The Doha Round seeks to fulfil the mandate of progressive liberalisation inscribed in the General Agreement on Trade in Services (GATS). Members of the World Trade Organization (WTO) agreed to progressively negotiate market access and equal conditions of competition in more services sectors to achieve both a deepening and widening of services trade liberalisation beyond the actual status quo of commitments laid down in GATS during the Uruguay Round. Yet the main benchmark of progress against which a services trade regime will be measured post-Doha lies in formulating behind-the-border disciplines on domestic regulation, agreeing on comprehensive multilateral trade exits, such as trade remedies and temporary import relief, as well as in fostering mutually supportive relationships with services-related agreements, such as in the field of air transport, labour migration, energy and health.

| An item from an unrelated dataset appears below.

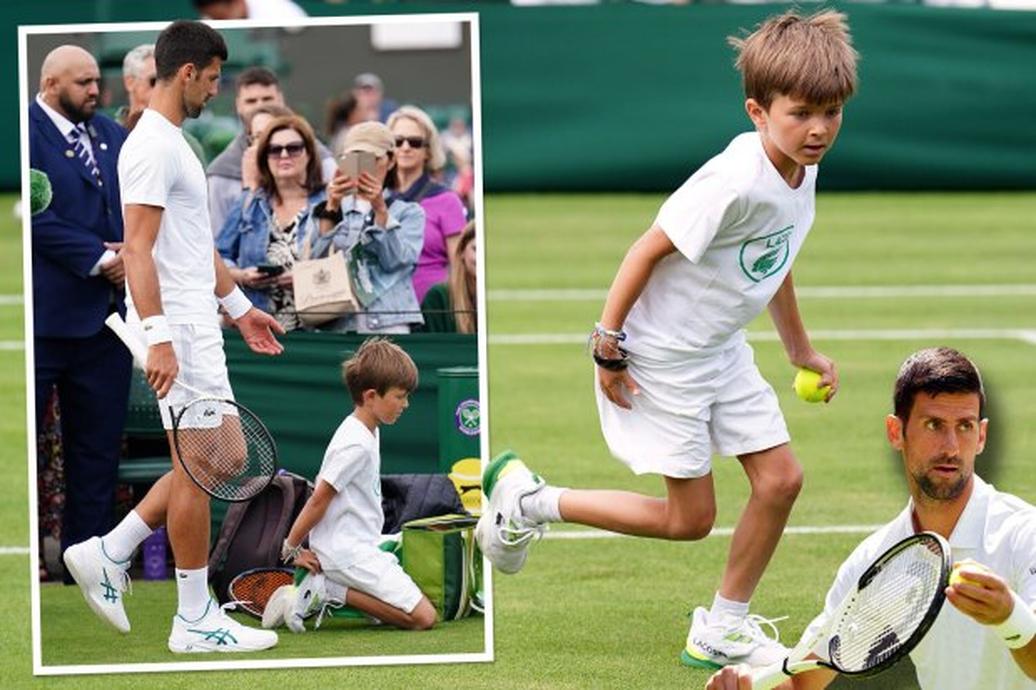 Qui est le fils de Djokovic ? La réponse est Stefan, un petit fanatique de tennis en herbe à seulement sept ans. Mais ce n’est pas tout : quand on parle de "fils Djokovic," on pense aussi au jeune prodige français Arthur Fils, rival et partenaire d’entraînement de Novak. Intrigant, n’est-ce pas ?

This collection of essays entitled ‘GATS and the Regulation of International Trade in Services’ analyses two periods of cross-border service supply – the post-Uruguay Round era of multilateral and plurilateral liberalisation, with the associated standardisation of services regulation worldwide and development of a services-specific case law on GATS disputes, and the process, postulates and progress of the current Doha Round negotiations – and speculates on the post-Doha GATS regime.
Services trade is an insufficiently studied field in academia, yet services constitute the complex, higher-value work that affords many countries a competitive advantage on the global labour market. The value of services exports worldwide has increased substantially from US$ 17,439.9 million in 2001 to US$ 26,319.3 million in 2004.